We woke up around 6am, still riding the high from our first day. The sun was just about to rise above the horizon. I love photos at dawn when the light is soft and the color is vivid. Watching the orange glow on mountain peaks at sunrise has always been one of my favorite experiences. When the sun shone on Cuerno Principal that morning, I was so mesmerized that I clutched my camera and forgot to take pictures for a minute. By the time I woke from the trance, the orange glow had passed and the day had officially begun. As I was regretting the missed opportunity, a culpeo, also known as Andean fox, silently strolled down the hillside and took a tour around the campsite. Hello, friend, welcome to day 2 in Patagonia.
Since we were up early, Tricia and I were able to slip into the dorm bathrooms and shower. Camp Paine Grande had really nice facilities. We had our leisurely breakfast and headed out for Camp Italiano around 9am.
The scenery in the morning is one the most beautiful I have ever seen. In front of us was the bulky Punta Bariloche peak to the left and Cuerno Principal to the right in the distance; the turquoise water of Lago Pehoe was now behind us but shimmering black water of Lago Skottsberg quickly appeared on our right hand side. It only took us 2 hours to get to Camp Italiano but I wish we could be on that segment of the trail forever.
Camp Italiano, as a free campsite, is more minimalist in comparison to Camp Paine Grande. There were outhouses, tent sites and a small shelter to cook. We set up our tent quickly and had a few bites of Clif bars for lunch before heading out to Britanico Mirador.
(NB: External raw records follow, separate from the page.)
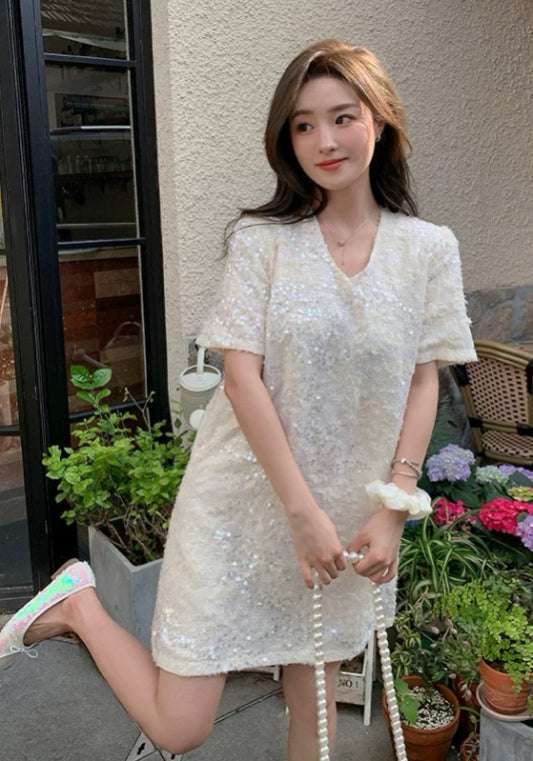 白色亮片裙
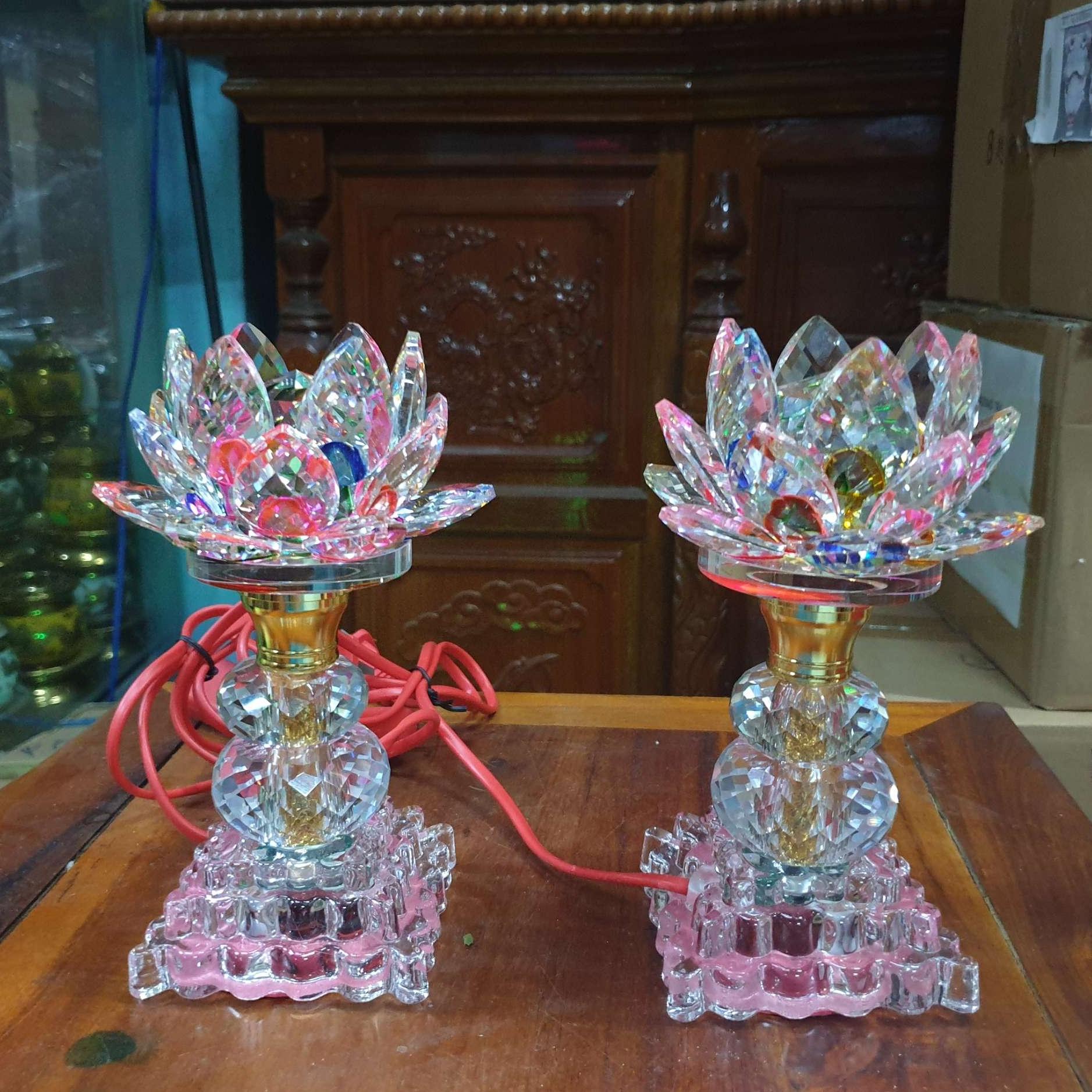 Cặp đèn thờ đá pha lê cao cấp tự động đổi 7 màu cao 18 cm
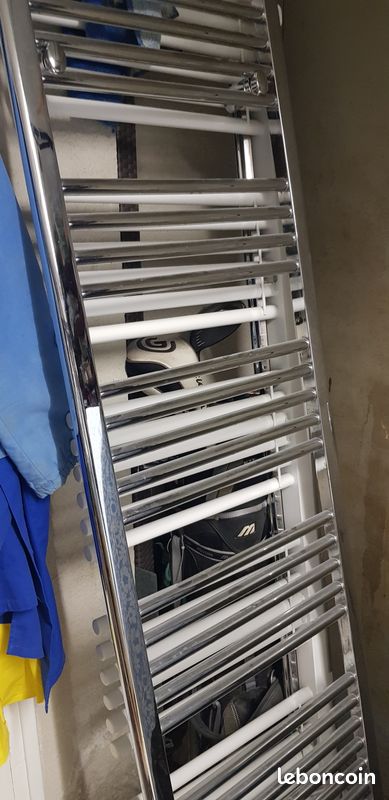 Radiateur sèche-serviettes (image 1)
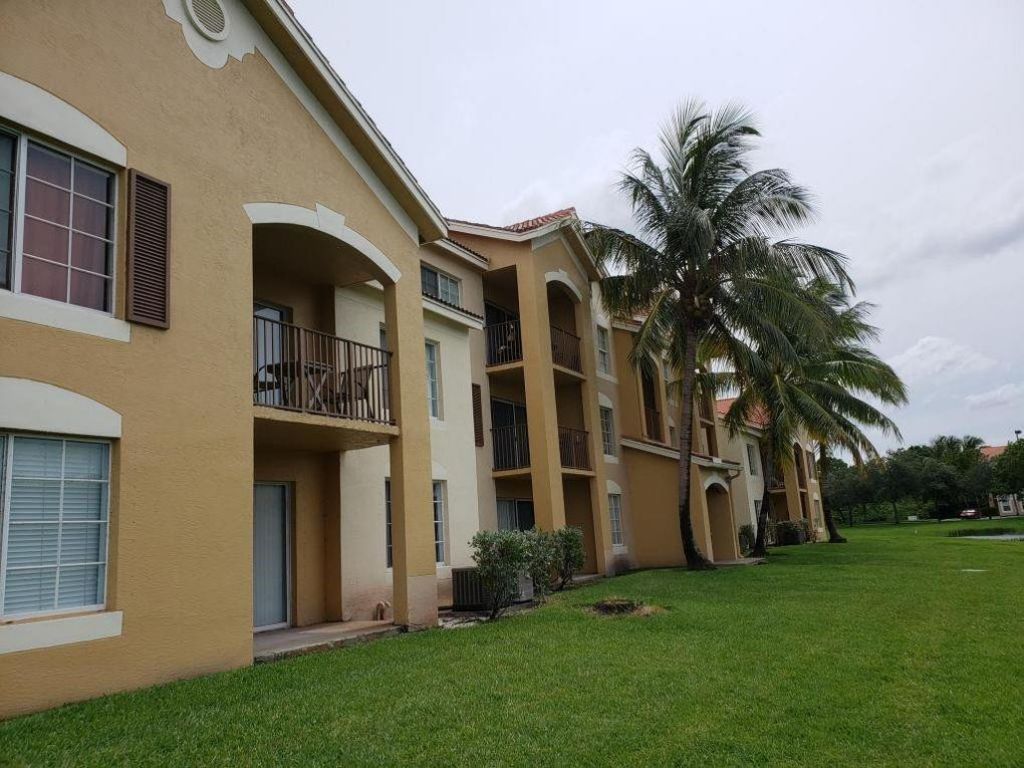 4190 San Marino Boulevard , Unit 106, West Palm Beach, FL 33409 Photo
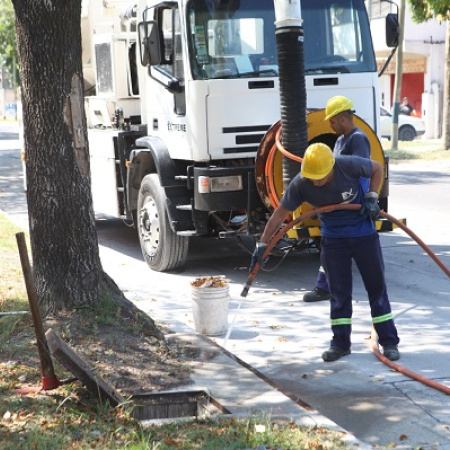 En La Plata despliegan operativo de prevención ante el alerta amarillo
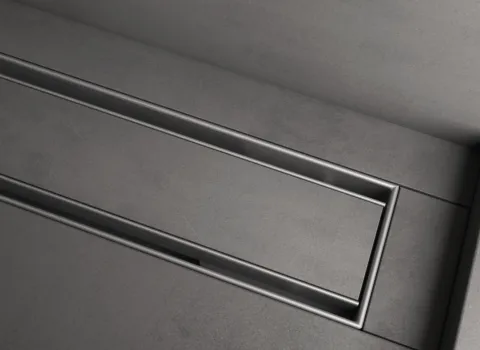 Die Ablaufrinne Drainline von TECE in schwarz.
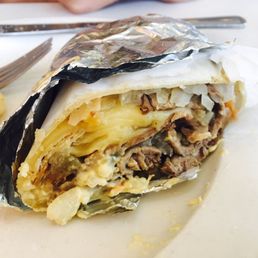 【Manhattan Wrap】 Simply boiled onion with beef, no taste at all. 【Manhattan Wrap】 Simply boiled onion with beef, no taste at all.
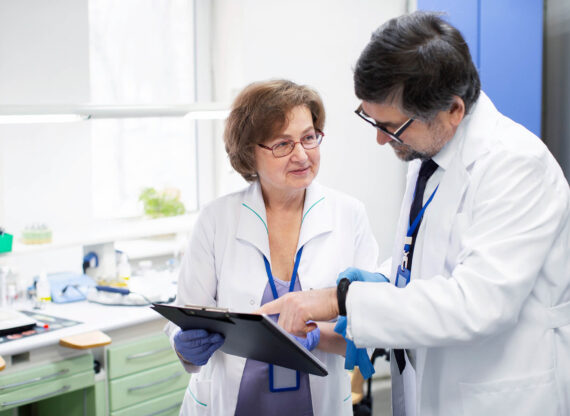doctors-working-together-medical-research (1)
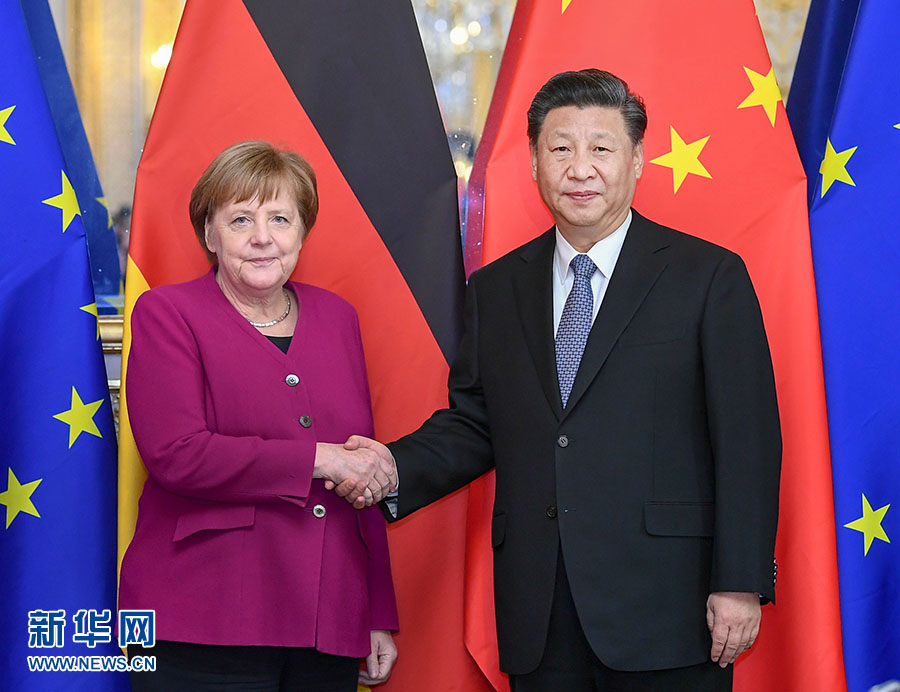 Xi apresenta proposta de três pontos sobre laços China-Alemanha durante reunião com Merkel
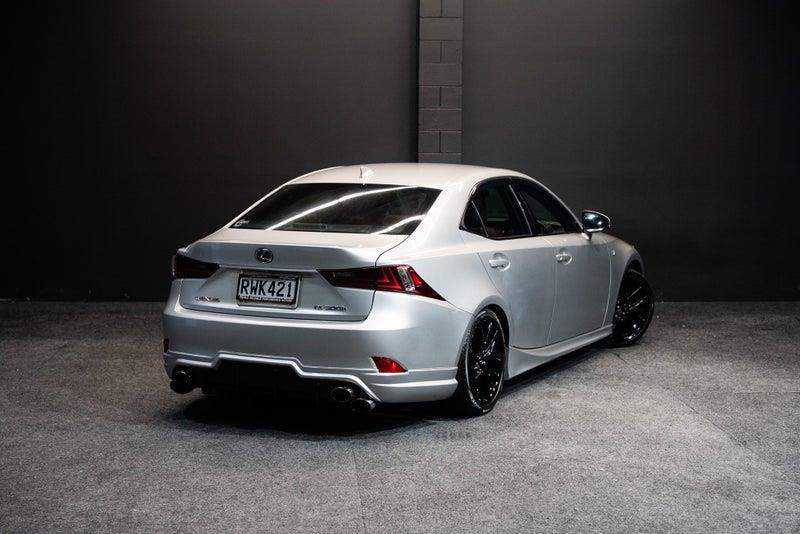 2014 Lexus IS 300h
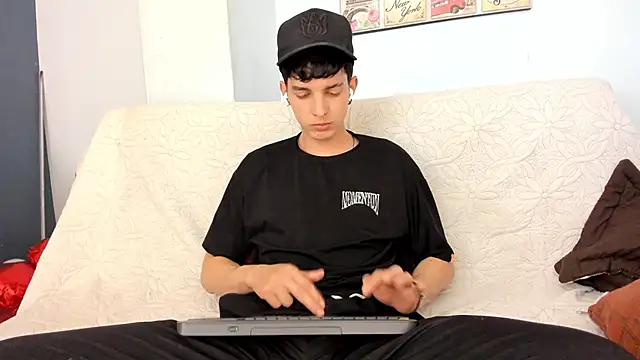 Jheampiiero online show from February 19, 9:22 pm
Unlike the flat trail in the morning, the trail headed upward from Italiano to Britanico. However, we were more agile now without the large backpacks. We climbed up to the viewpoint of Glacier Francis in less than an hour, and it was another hour before we reached Camp Britanico.
The road to Mirador Britanico, an end of the trail panoramic view point, was unfortunately closed for the season. But we were not disappointed by the view at Camp Britanico at all.
Standing on the ground of Camp Britanico was like standing in the center stage of an enormous amphitheater where we were surrounded, 270 degrees, by towering jagged peaks. And in the distance to the south where we climbed up from was the turquoise glacial water of Lago Nordenskjold. It was an incredible experience. I almost didn’t want to leave.
It was almost dinner time when we got back to Camp Italiano. There was a slight drizzle. We broke into our bottle of rum that night at dinner. It was surprisingly cozy to sit under the canopies of enormous trees in Camp Italiano, sipping on rum to keep my belly warm, while waiting for my dinner to come to a boil on top of our pocket rocket stove.
It was a windy night but I slept well. I remember waking up once in the middle of the night hearing trees rustle in the gusty winds of Patagonia and rain drops beating down on the top of our tent before quickly drifting back to unconsciousness while my body wrapped tightly in my winter sleeping bag. It was wonderful.
On day 3, we hiked 22km to Camp Chileno where we had our first and only prepared meal from the refugio kitchen and a beer before bed. Don’t forget to follow me and get notified of my new post on our Na Pali Coast adventure in Feb 2018 by put your email address below and follow me on Instagram @myalpinelakes.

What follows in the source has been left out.